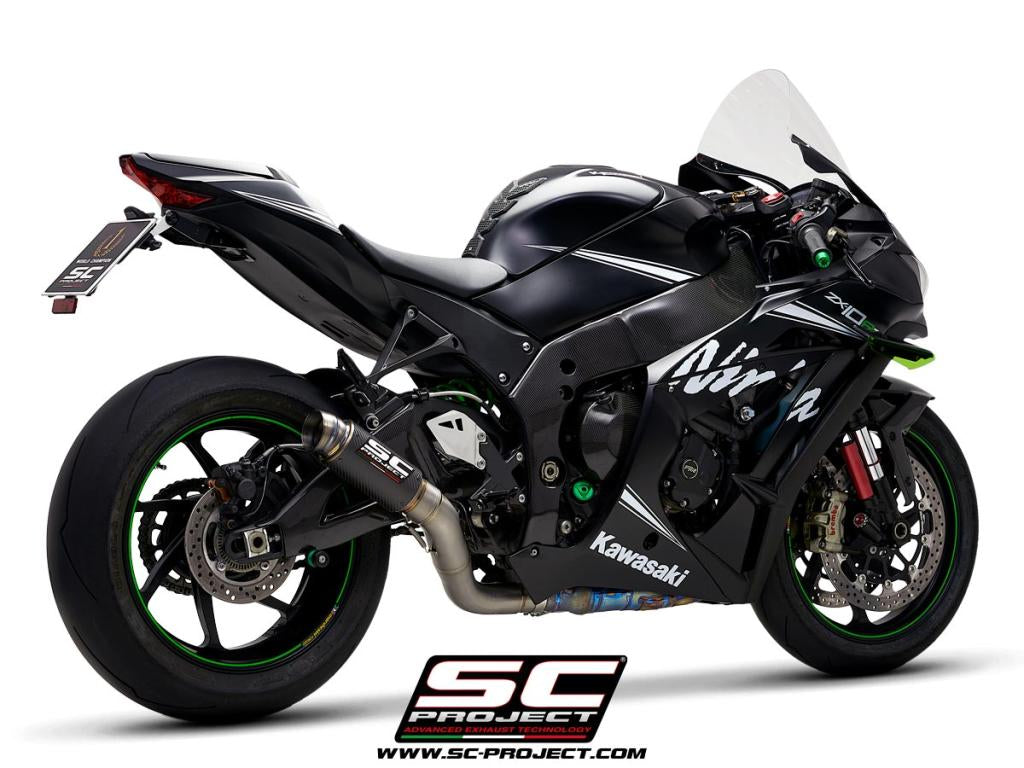 KAWASAKI NINJA ZX-10R - RR (2016 - 2020) GP70-R Muffler, Carbon fibre, with Titanium end cap, with de-cat link pipe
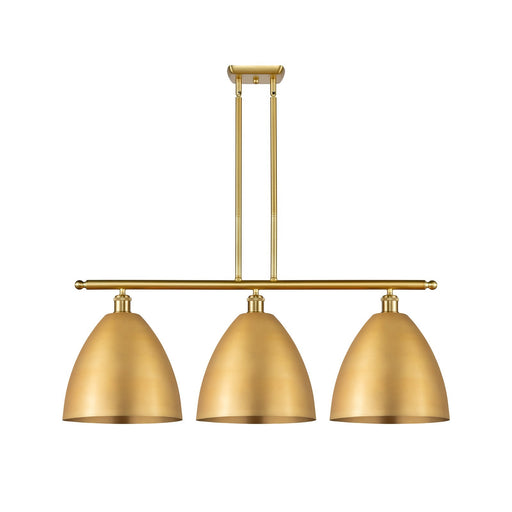Innovations Bristol 39in 3-Light Island Light | Industrial Farmhouse Satin Gold Steel and Cast Brass with Satin Gold Metal | Model 516-3I-SG-MBD-12-SG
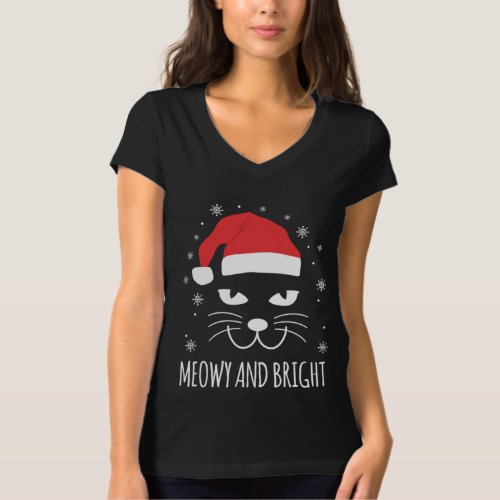 Meowy And Bright Cat Animal Lover Christmas Gift T_Shirt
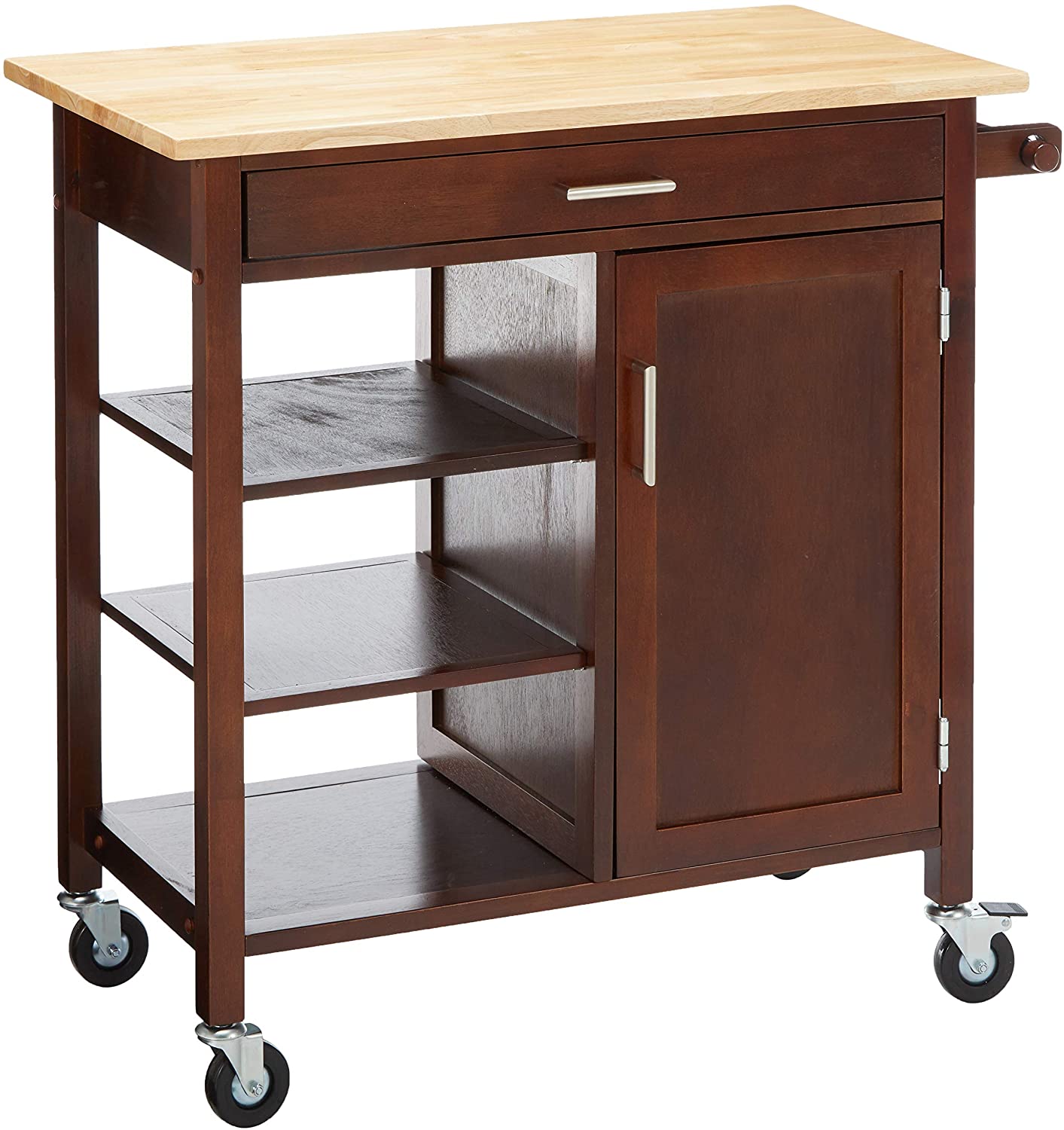 Bamboo kitchen trolley 3 layers with 2 drawer cabinets, suitable for hotel kitchens, flexible and portable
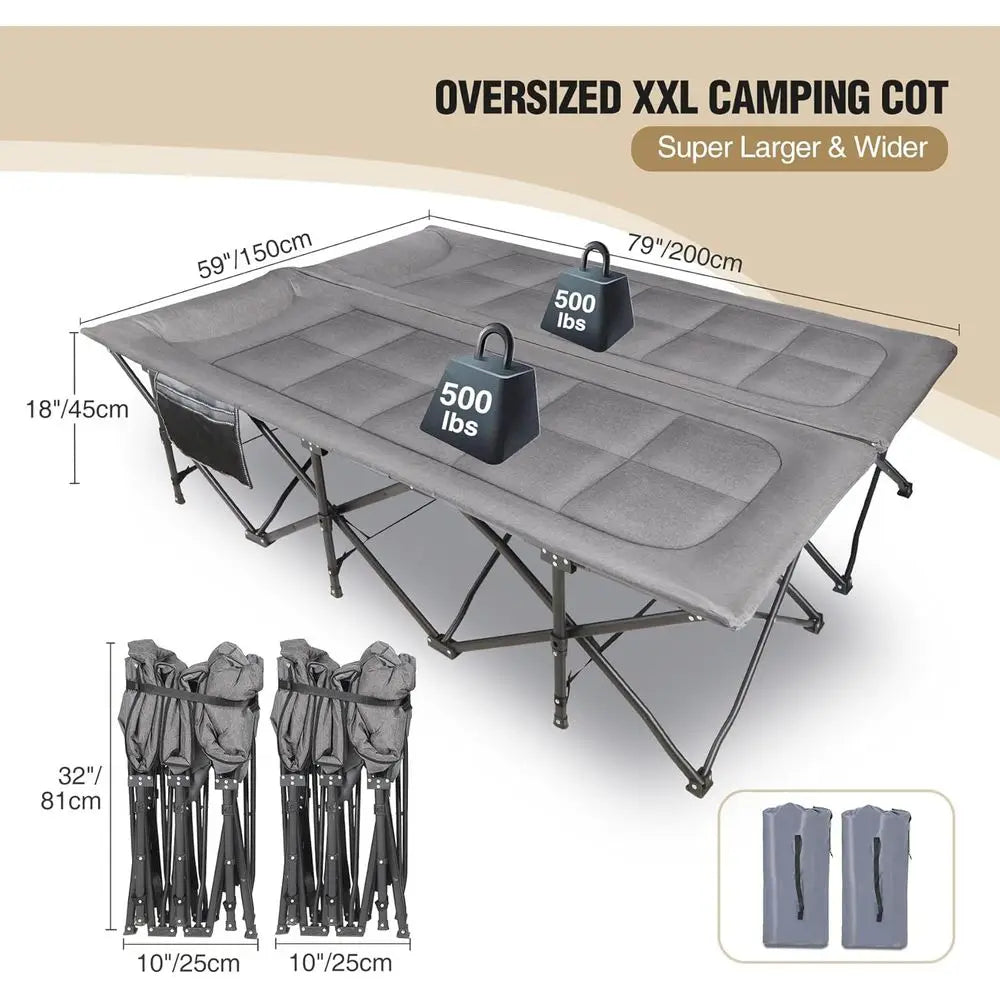 Portable Heavy Duty Camping Cot With Extra Comfortable Pad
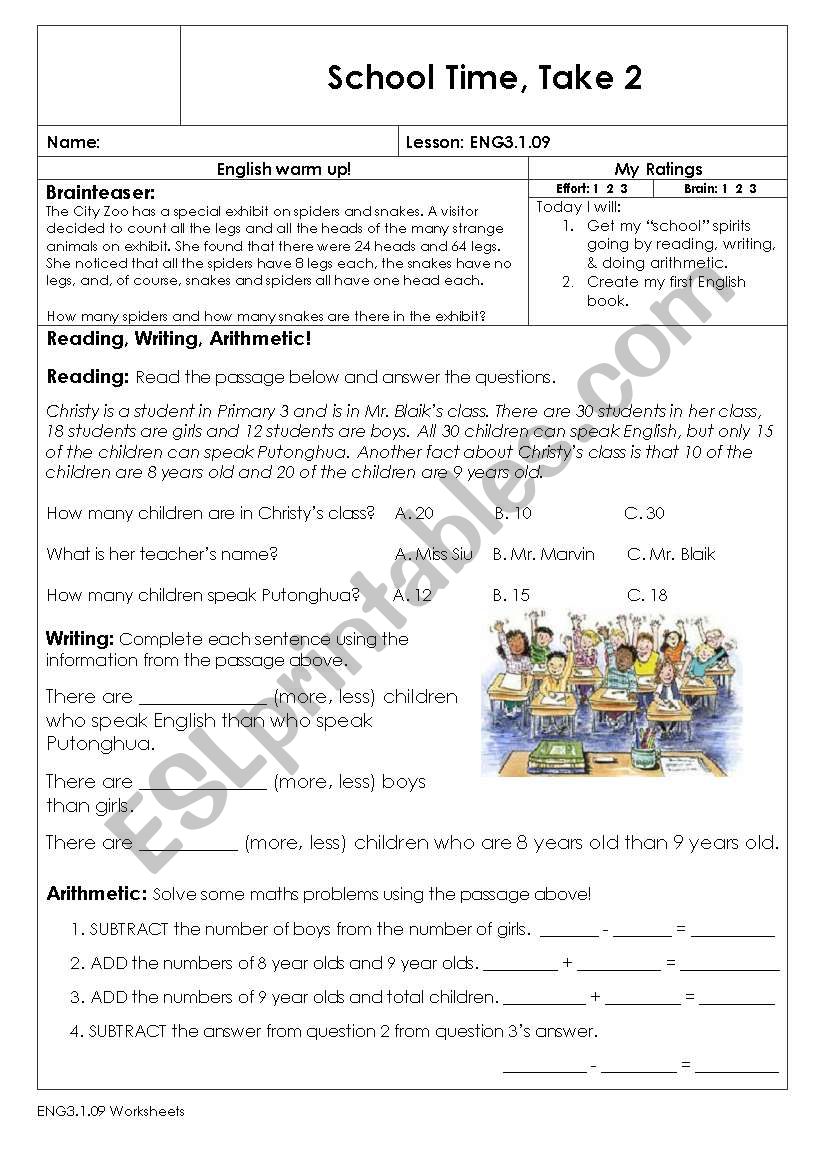 school Time worksheet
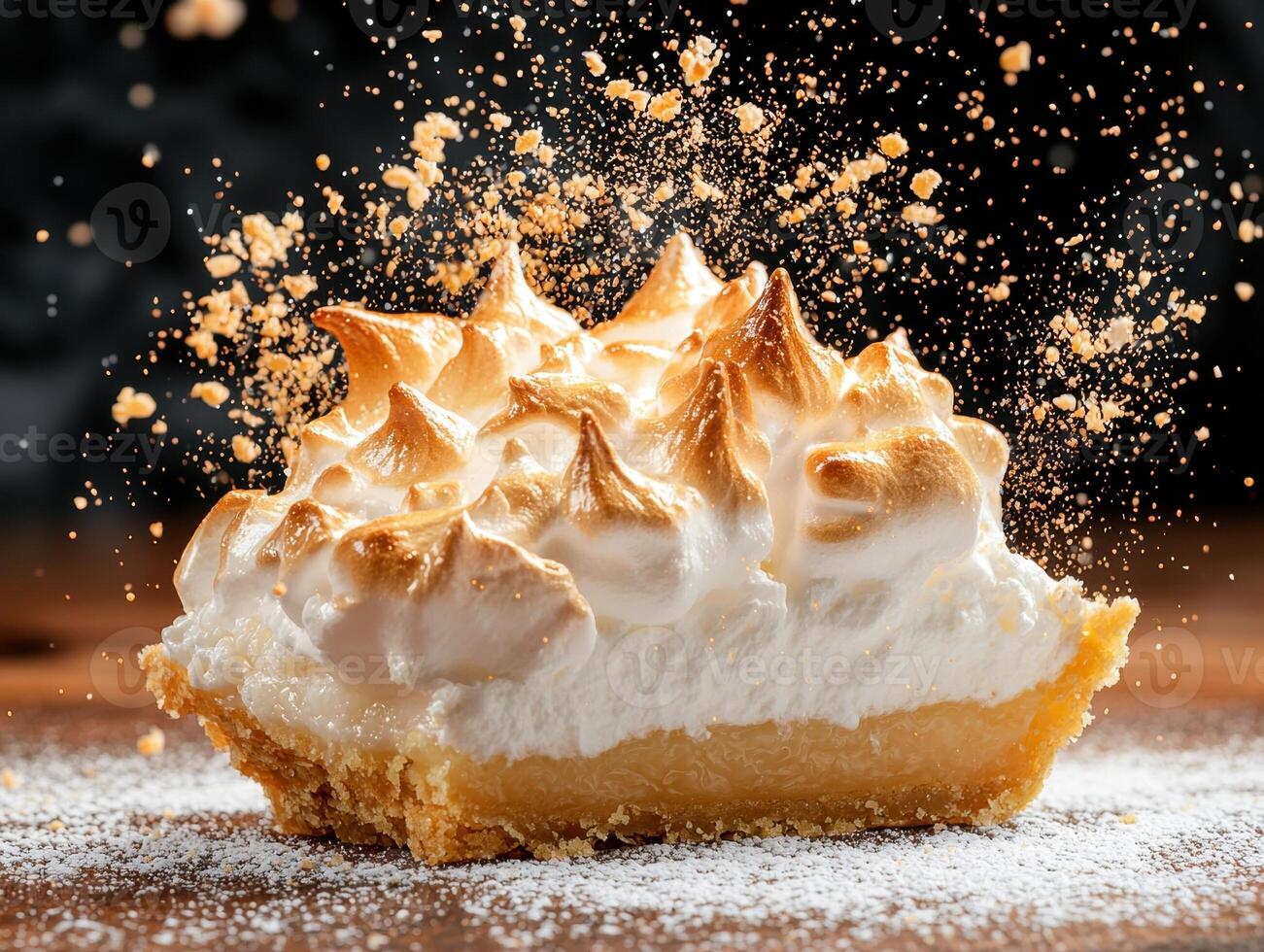 A slice of lemon meringue pie with powdered sugar photo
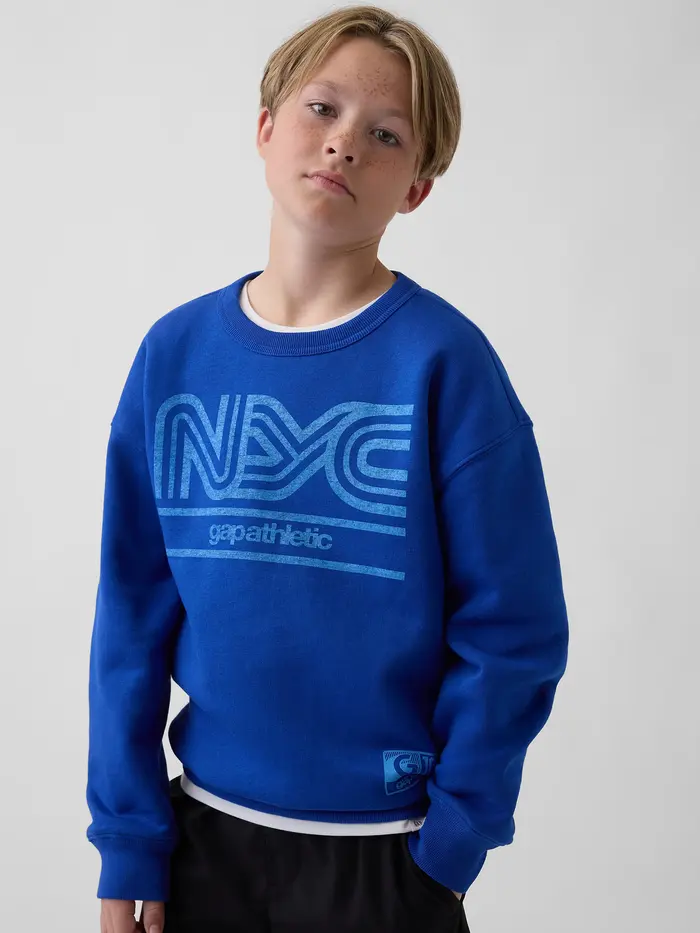 Kids Relaxed Graphic Sweatshirt - Active blue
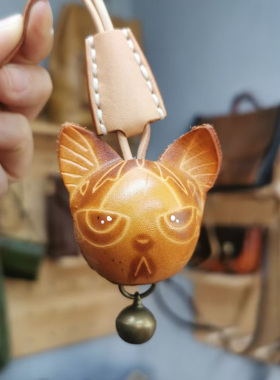 手工铃铛可爱猫咪牛皮包挂件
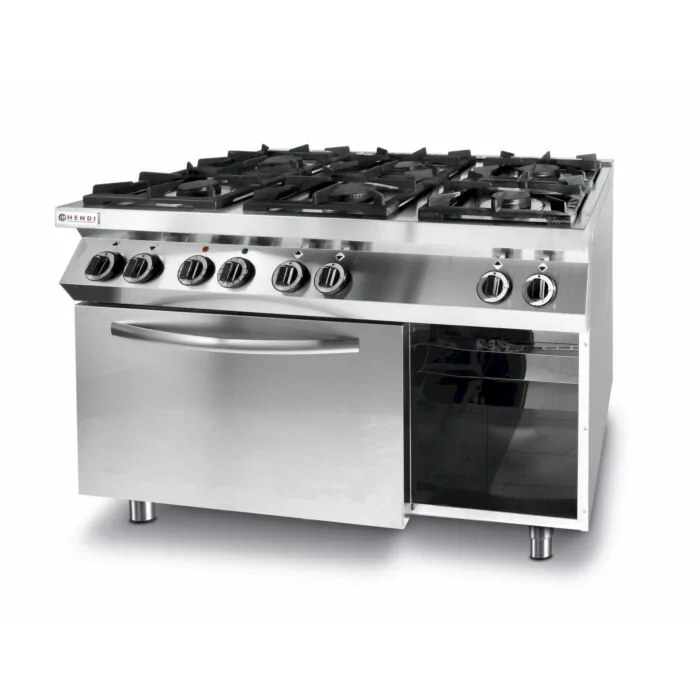 Hendi Gaskocher Kitchen Line 6 Brenner mit elektrischem Ofen GN 1/1, 50 / 270 ˚C, 230 V / 3 kW, 28,5 kW, 1200 x 700 x (H) 900 mm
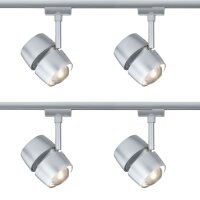 4er Set  Paulmann 969.35 URail Spot Oculus 2x5W Chrom matt 230V Metall dimmbar 2700K entspricht 2x 40W Licht 2x 300 lm
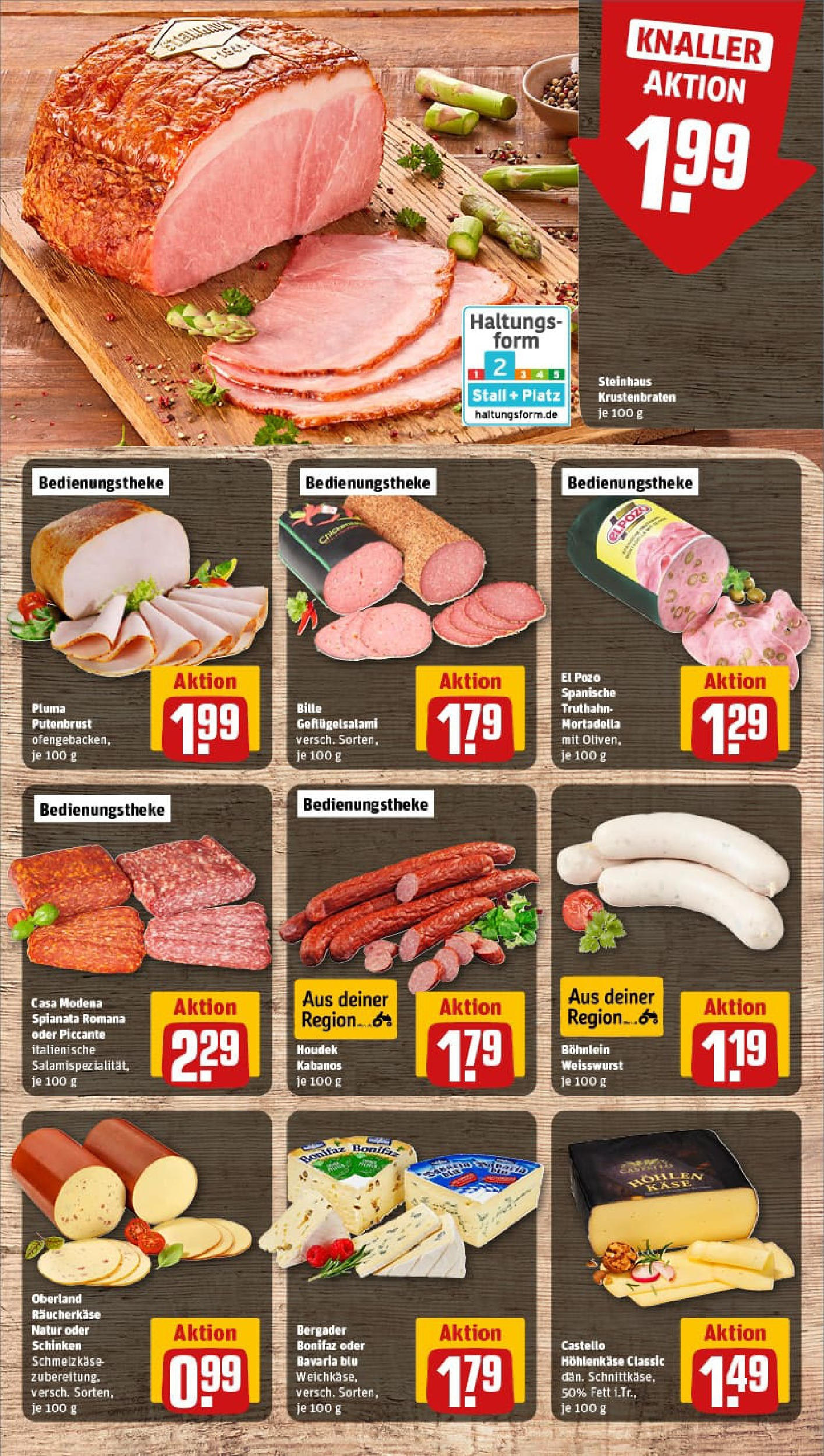 REWE Prospekt ab 13.07.2025 zum Blättern » Angebote | Seite: 9 | Produkte: Käse, Weißwurst, Krustenbraten, Schinken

===============

[WHAT NEEDS TO BE DONE] Lines from the one above containing "Meowy And Bright" down to the one containing "手工铃铛可爱猫咪牛皮包挂件" should be transcribed exactly, with both ends kept and no pictures.

[TASK ANSWER]
 Meowy And Bright Cat Animal Lover Christmas Gift T_Shirt
 Bamboo kitchen trolley 3 layers with 2 drawer cabinets, suitable for hotel kitchens, flexible and portable
 Portable Heavy Duty Camping Cot With Extra Comfortable Pad
 school Time worksheet
 A slice of lemon meringue pie with powdered sugar photo
 Kids Relaxed Graphic Sweatshirt - Active blue
 手工铃铛可爱猫咪牛皮包挂件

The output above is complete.